The lines below, from the one holding "Lil' Wayne Quotes: And" through the one holding "Beispielbild fr Who", are to be restated word for word, with all images left out.
[Provided data Boundary: Start]
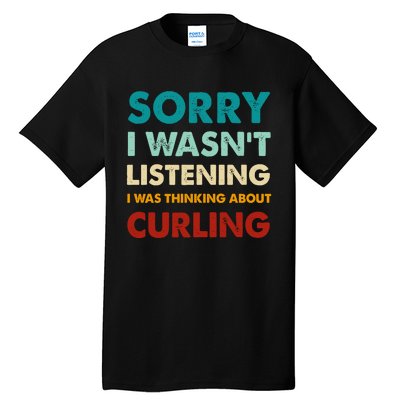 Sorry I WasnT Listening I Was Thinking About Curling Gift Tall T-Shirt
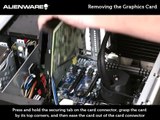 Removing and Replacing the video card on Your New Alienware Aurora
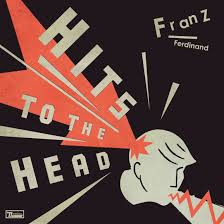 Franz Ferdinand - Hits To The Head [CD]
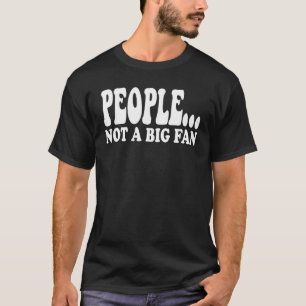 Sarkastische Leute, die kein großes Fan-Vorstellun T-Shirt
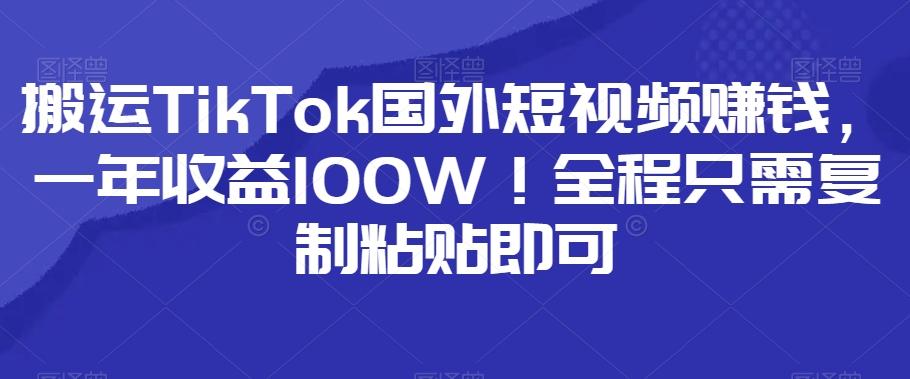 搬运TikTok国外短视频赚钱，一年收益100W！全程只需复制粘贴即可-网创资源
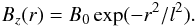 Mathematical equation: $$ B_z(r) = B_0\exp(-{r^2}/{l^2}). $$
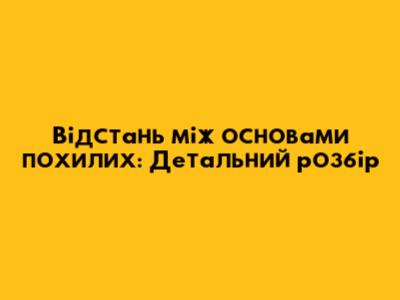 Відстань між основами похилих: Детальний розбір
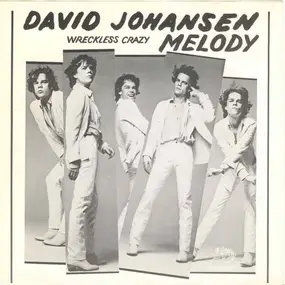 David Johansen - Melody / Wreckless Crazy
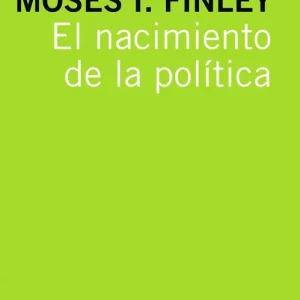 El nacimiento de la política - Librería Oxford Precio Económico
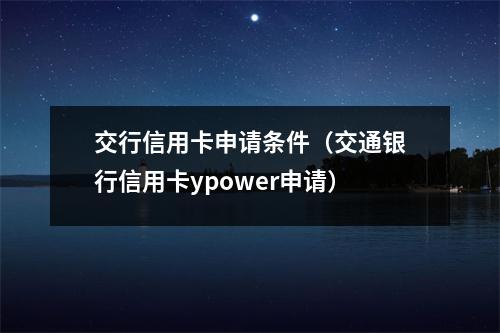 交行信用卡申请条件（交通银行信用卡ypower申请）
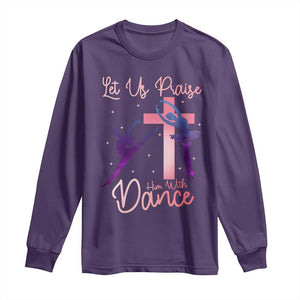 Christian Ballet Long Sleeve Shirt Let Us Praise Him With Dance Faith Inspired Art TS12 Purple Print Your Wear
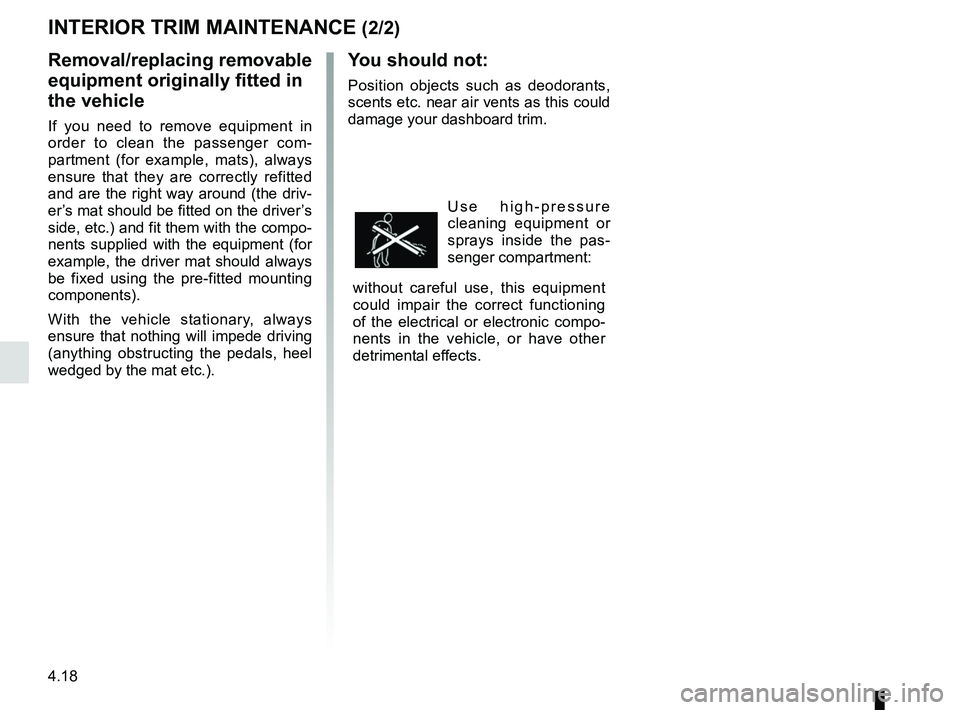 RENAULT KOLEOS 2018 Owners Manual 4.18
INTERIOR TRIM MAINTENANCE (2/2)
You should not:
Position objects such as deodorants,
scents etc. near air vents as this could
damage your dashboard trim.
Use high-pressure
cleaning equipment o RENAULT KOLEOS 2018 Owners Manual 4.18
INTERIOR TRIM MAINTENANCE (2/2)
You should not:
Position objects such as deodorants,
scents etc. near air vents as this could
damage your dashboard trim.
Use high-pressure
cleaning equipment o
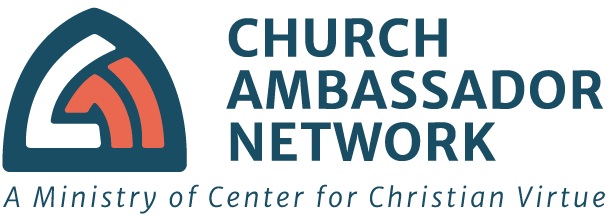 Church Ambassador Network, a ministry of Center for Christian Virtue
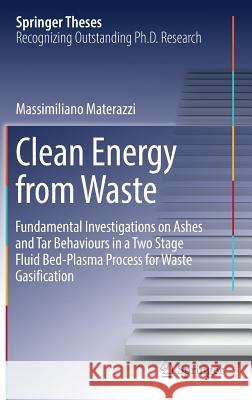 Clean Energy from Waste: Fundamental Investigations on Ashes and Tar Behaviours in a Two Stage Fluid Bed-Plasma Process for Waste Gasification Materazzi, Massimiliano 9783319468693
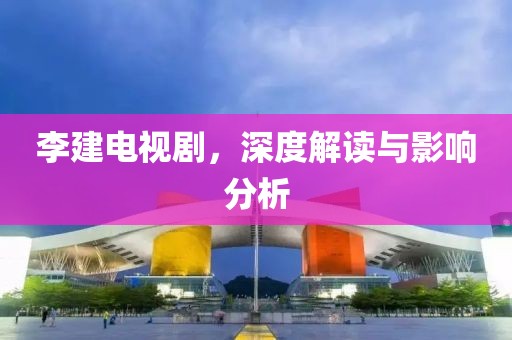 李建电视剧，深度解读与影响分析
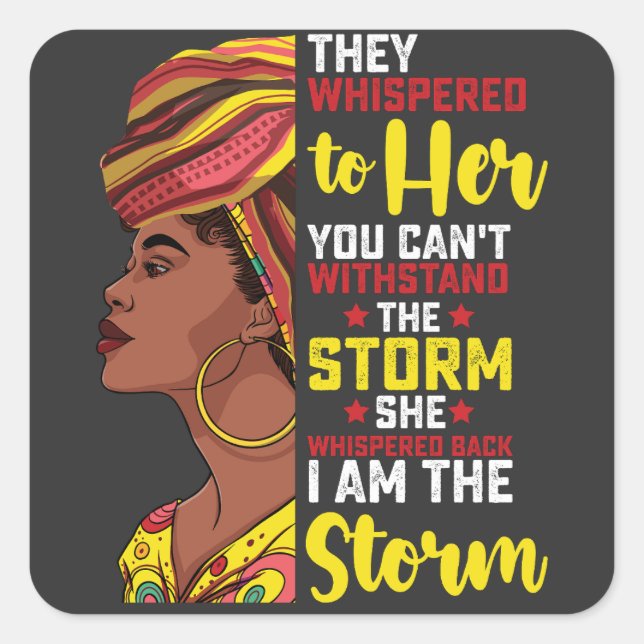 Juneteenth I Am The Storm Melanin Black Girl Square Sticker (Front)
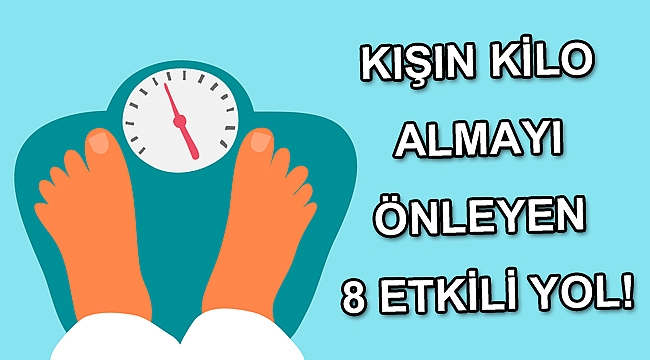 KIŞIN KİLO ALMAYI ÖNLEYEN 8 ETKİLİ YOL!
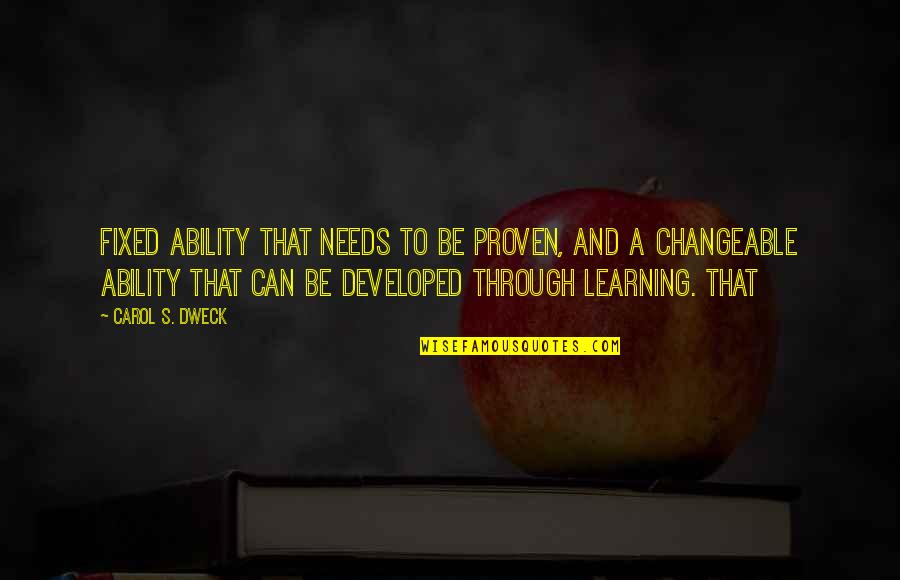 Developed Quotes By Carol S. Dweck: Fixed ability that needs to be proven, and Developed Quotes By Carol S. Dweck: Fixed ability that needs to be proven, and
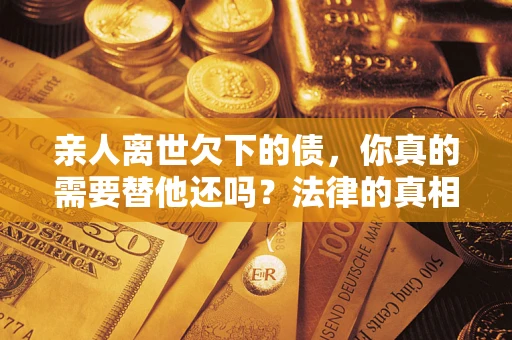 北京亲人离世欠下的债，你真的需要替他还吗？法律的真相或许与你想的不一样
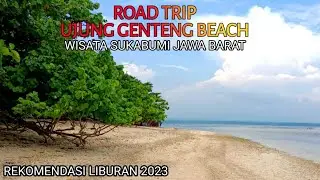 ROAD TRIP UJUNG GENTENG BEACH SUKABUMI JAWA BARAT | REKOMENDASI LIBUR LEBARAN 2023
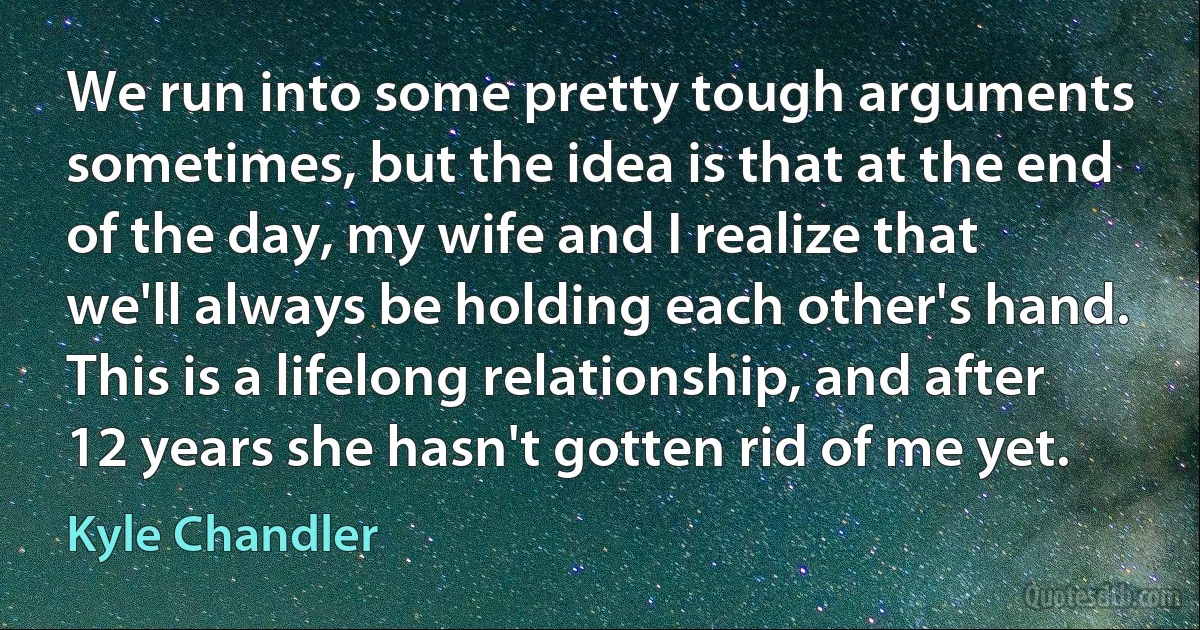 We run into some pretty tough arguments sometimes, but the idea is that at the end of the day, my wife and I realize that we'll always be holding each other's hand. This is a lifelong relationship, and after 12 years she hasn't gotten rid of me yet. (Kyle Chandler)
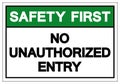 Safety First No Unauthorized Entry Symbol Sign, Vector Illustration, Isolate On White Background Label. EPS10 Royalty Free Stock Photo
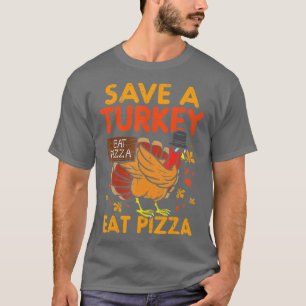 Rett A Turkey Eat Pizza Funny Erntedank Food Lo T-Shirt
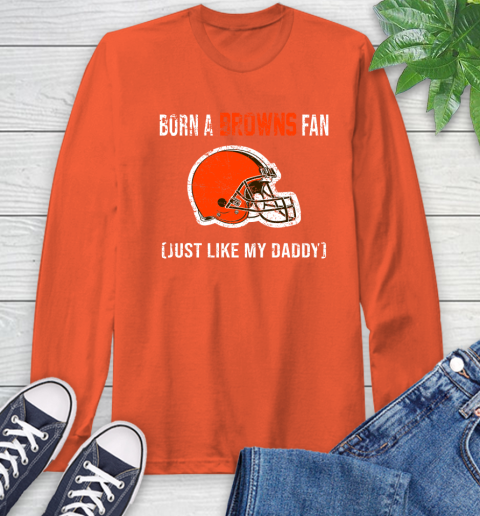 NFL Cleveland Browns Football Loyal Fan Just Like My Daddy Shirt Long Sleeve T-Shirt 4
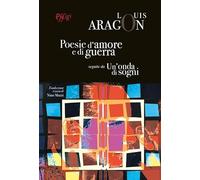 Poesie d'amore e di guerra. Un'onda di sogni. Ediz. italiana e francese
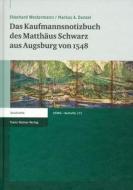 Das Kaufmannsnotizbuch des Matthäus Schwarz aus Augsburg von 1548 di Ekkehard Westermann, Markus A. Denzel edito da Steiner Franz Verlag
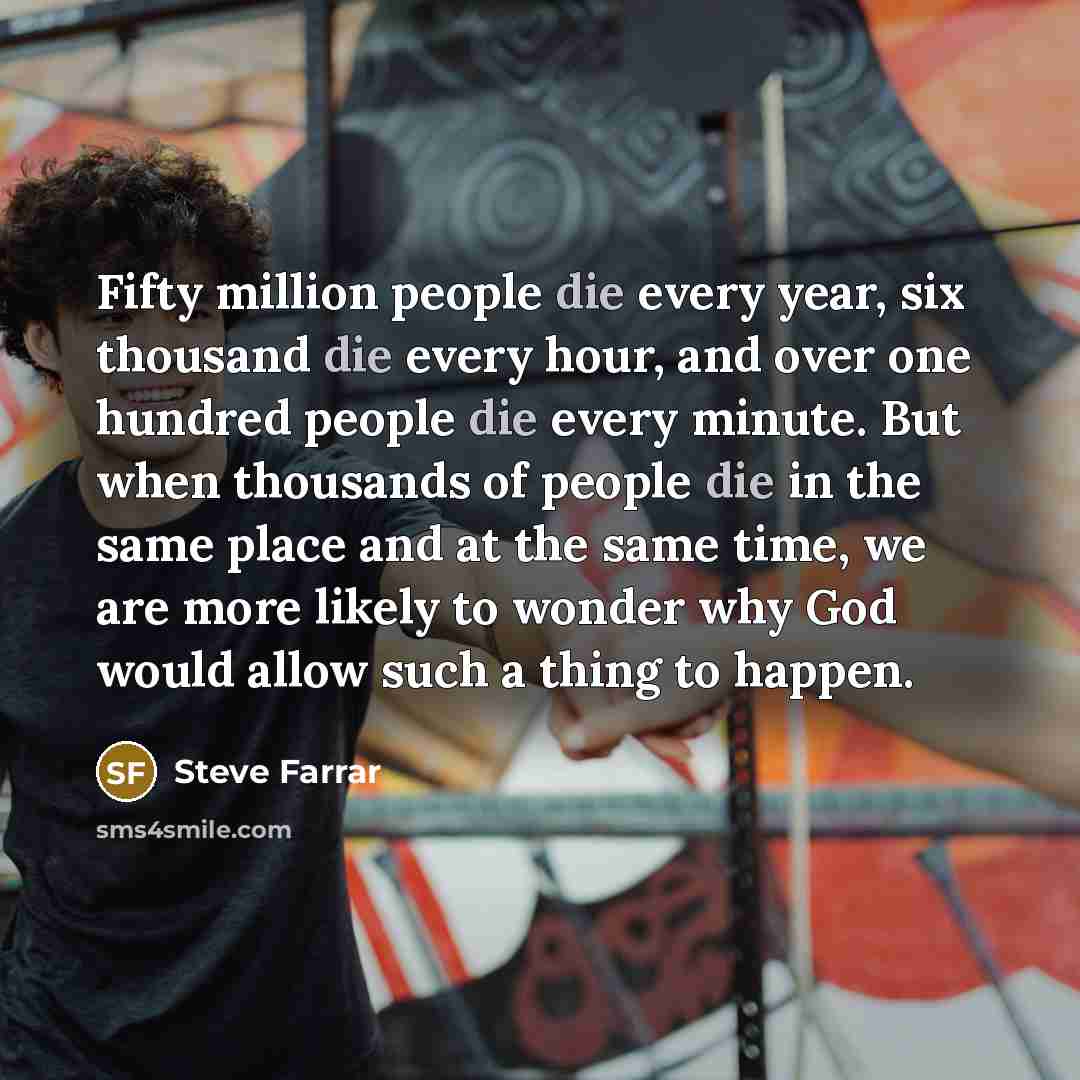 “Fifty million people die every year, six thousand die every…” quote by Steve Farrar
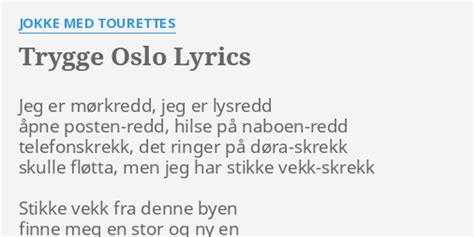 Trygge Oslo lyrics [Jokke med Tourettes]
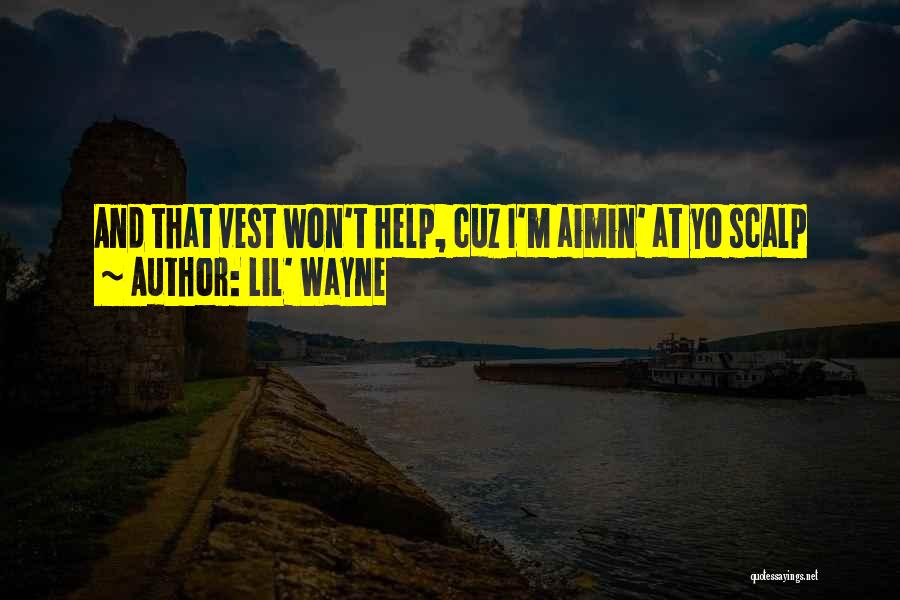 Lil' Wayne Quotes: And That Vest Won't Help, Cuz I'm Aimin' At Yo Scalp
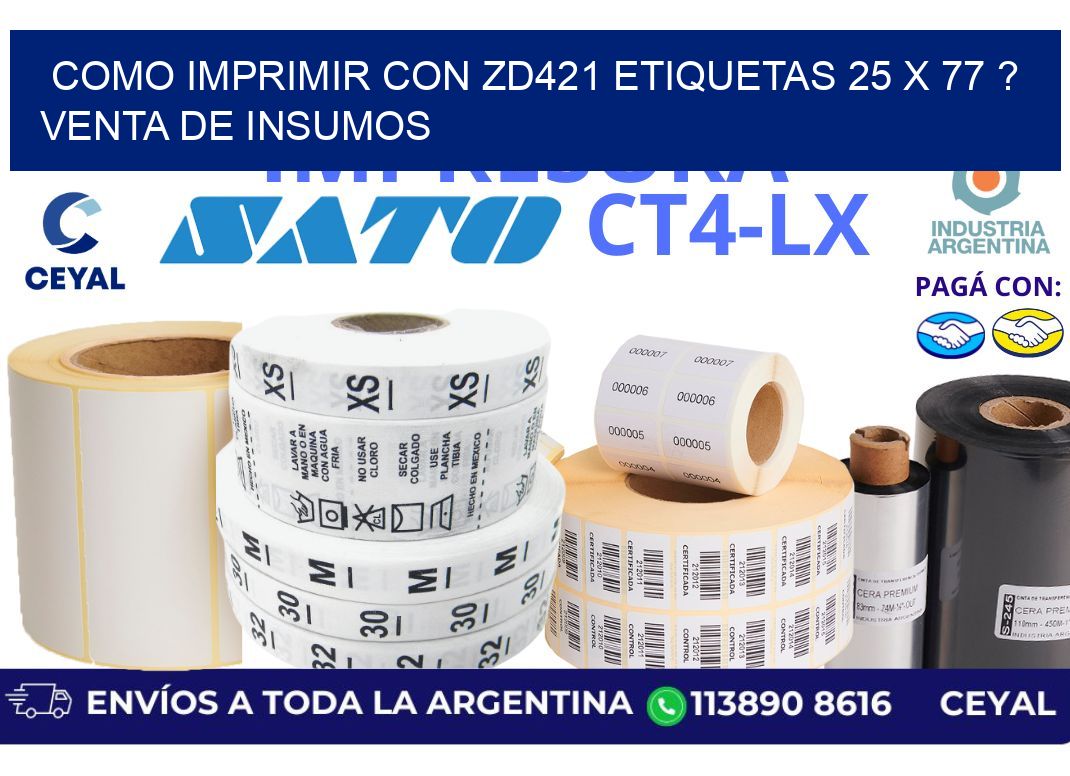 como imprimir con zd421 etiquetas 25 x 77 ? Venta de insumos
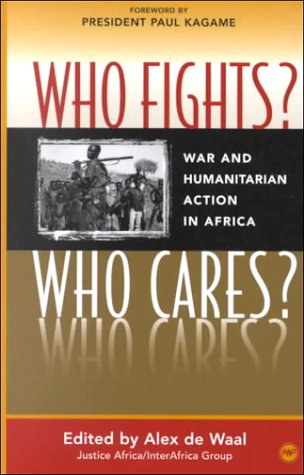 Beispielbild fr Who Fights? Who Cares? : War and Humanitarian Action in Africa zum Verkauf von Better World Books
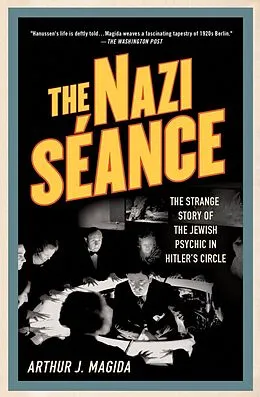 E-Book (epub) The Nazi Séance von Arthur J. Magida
[Provided data Boundary: End]
[Written answer]:
 Lil' Wayne Quotes: And That Vest Won't Help, Cuz I'm Aimin' At Yo Scalp
 como imprimir con zd421 etiquetas 25 x 77 ? Venta de insumos
 Beispielbild fr Who Fights? Who Cares? : War and Humanitarian Action in Africa zum Verkauf von Better World Books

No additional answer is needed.